The Life of Christ at the Pierpont Morgan Library is a remarkable witness to artistic experimentation in manuscript art during the transition from Romanesque to Gothic style. Presently standing at thirty full-page independent images with no accompanying text, the cycle is the most extensive purely pictorial sequence known in French Romanesque illumination. The state of preservation of the miniatures is excellent, suggesting the manuscript had always been treasured and rarely used. Likely to once have formed prefatory material for a Psalter, the Morgan fragment was rebound as an autonomous work in the eighteenth or nineteenth century in reflection of the tastes of early book dealers.
Long believed to have originated in Limoges, the Life of Christ is now thought to be of north French production, likely from the celebrated scriptorium of Corbie Abbey. The rich decoration suggests that the Psalter may have been intended for a high-ranking recipient.
On the Cusp Between Romanesque and Gothic
The cycle, executed by a single painter, consists of thirty illustrations of the Life of Christ from the Annunciation to Pentecost, the Last Judgment, and the Coronation of the Virgin.
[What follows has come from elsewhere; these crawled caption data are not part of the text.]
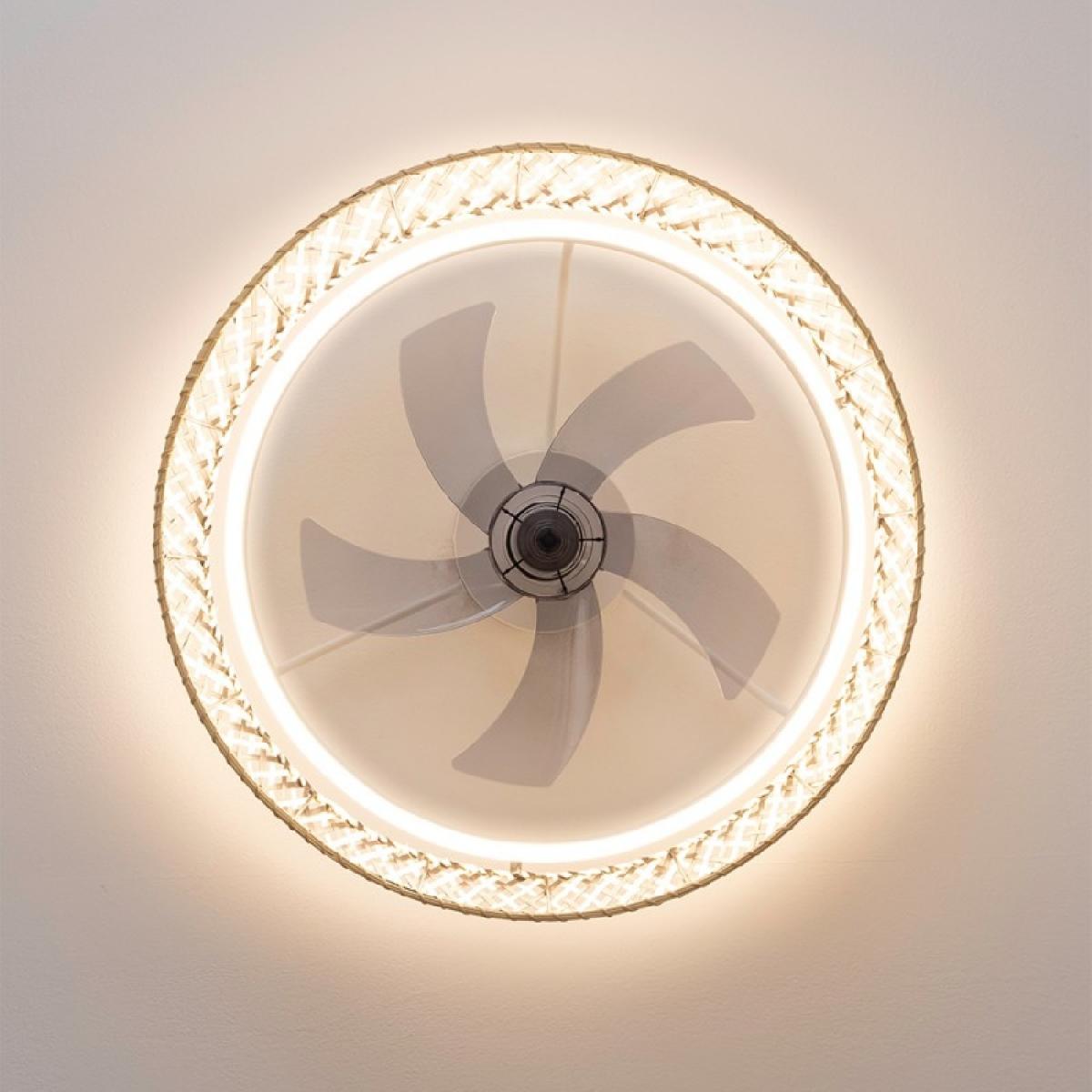 Cecotec Ventiladores de techo con luz EnergySilence LampAero 610 Natural Design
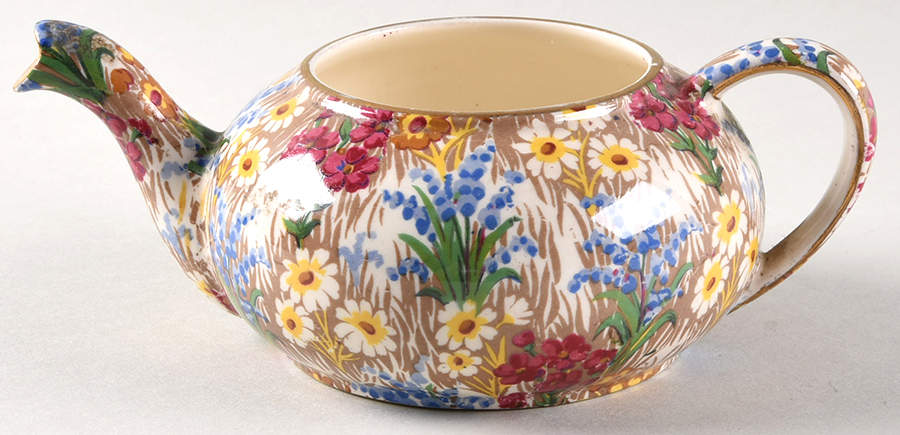 Marguerite (Gold Trim) Mini Stacking Teapot No Lid by Royal Winton-1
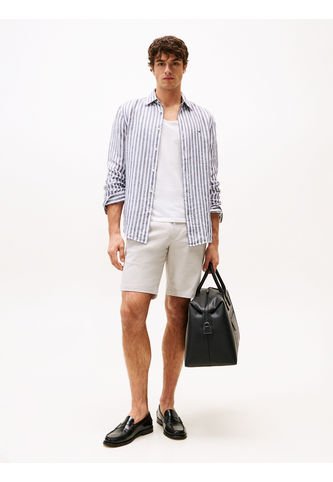 Pantalón Gris Chino Corto Brooklyn Colección 1985 Tommy Hilfiger Tommy Hilfiger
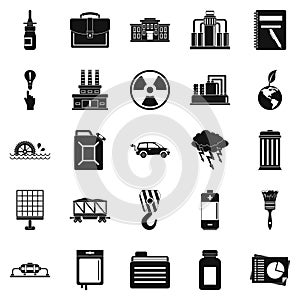 Outgoings icons set, simple style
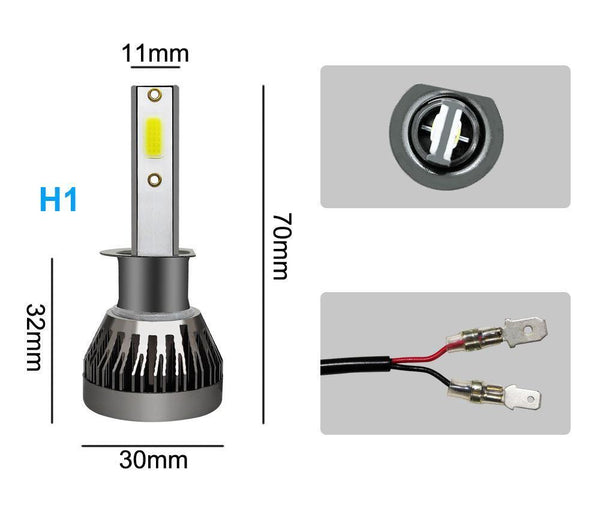 Planet Gates Car Headlight Bulb LED H7 H4 H11 H1 H8 H9 9005 9006 HB2 HB3 HB4 12V 55W 6000K Turbo Led Lamp Lights Auto Headlights Kit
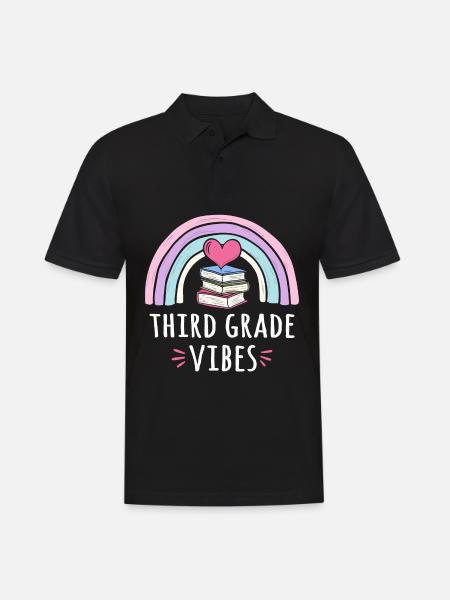 Third Grade Vibes - Men's Polo Shirt - black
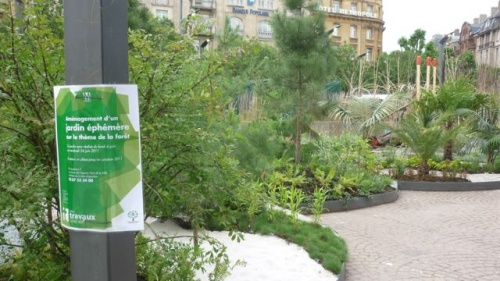 Jardin éphémère place de la gare (25 juin 2011)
Each scene is painted in brilliant colors and heavy outlines on a background of burnished gold, and is framed by a wide border of foliate and geometric motifs.
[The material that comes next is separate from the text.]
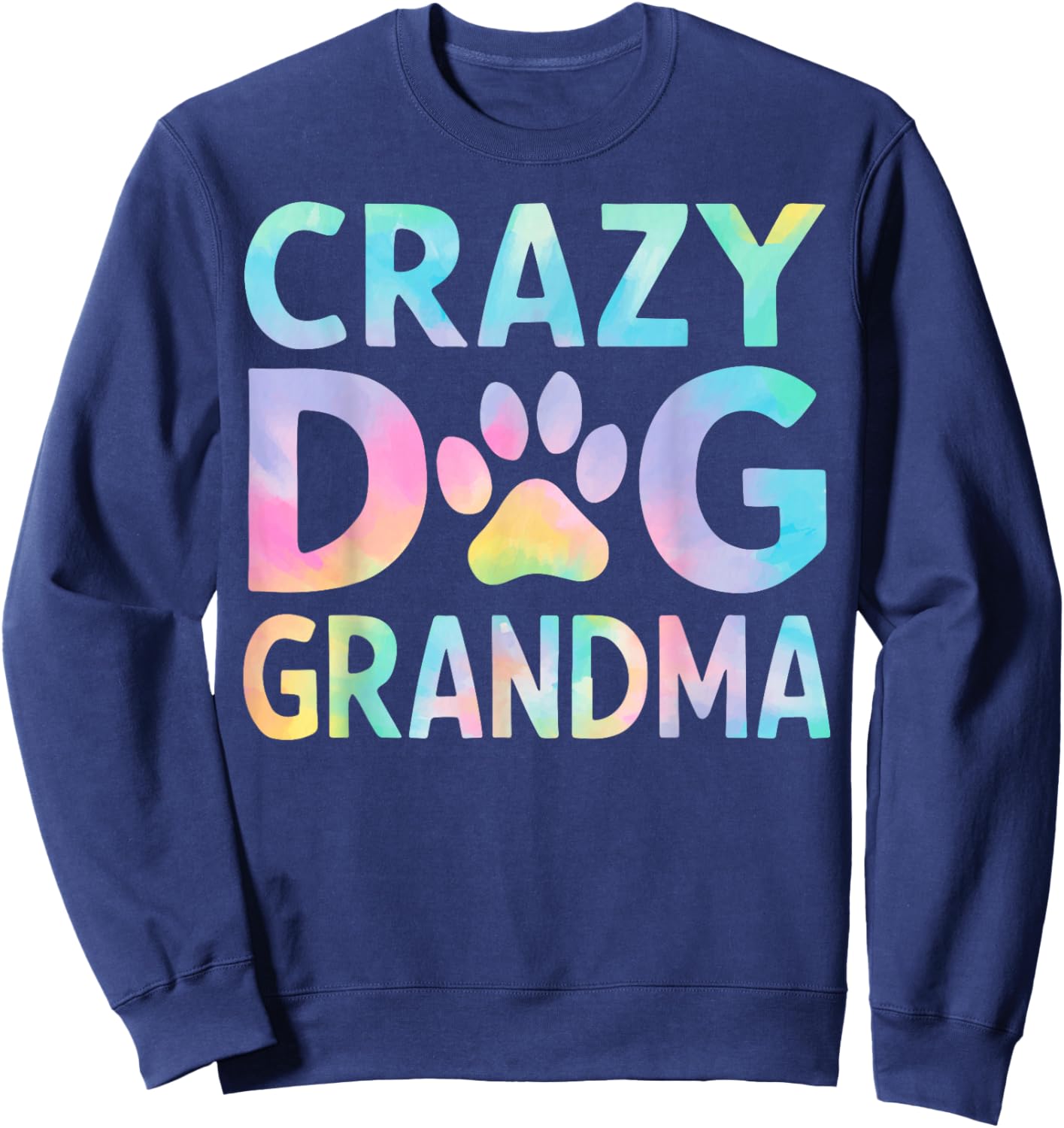 Crazy Dog Grandma Women Sweatshirt - Sweatshirt | Navy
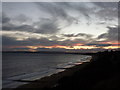 Bournemouth: Christmas dusk over Alum Chine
Self-contained and linear, the miniatures show affinity to other media flourishing at the end of the twelfth century, especially stained glass and enamel. The expansiveness of the sequence calls to mind English Romanesque manuscripts, yet the style of the miniatures has much in common with illumination at Corbie Abbey between 1170 and 1180, such as a copy of the Jewish Antiquities of Josephus Flavius (BnF, lat. MS 16730).
Several iconographic choices, such as the treatment of the Last Supper with Christ elevating the Host and chalice, or the inclusion of the Coronation of the Virgin, reflect devotional and artistic trends in France around the year 1200.
A Collector’s Item
While the earlier history of the manuscript is unknown, its modern pedigree is illustrious. It was owned by celebrated French historian Henri Martin before passing into the collection of the Comte Auguste de Bastard d'Estang, an officer of the Napoleonic army turned collector and historian, who included the manuscript in his groundbreaking Peinture et ornements des manuscrits classés par ordre chronologique (1832–1869) and published a lithographic facsimile of the work.
Later the manuscript joined the library of Ambroise Firmin-Didot, was sold to Adolphe Labitte in 1879, was offered in a catalog of Bernard Quaritch in 1896, and in a catalog of Richard Bennett in 1900. It was acquired by John Pierpont Morgan with the Bennett Collection in 1902.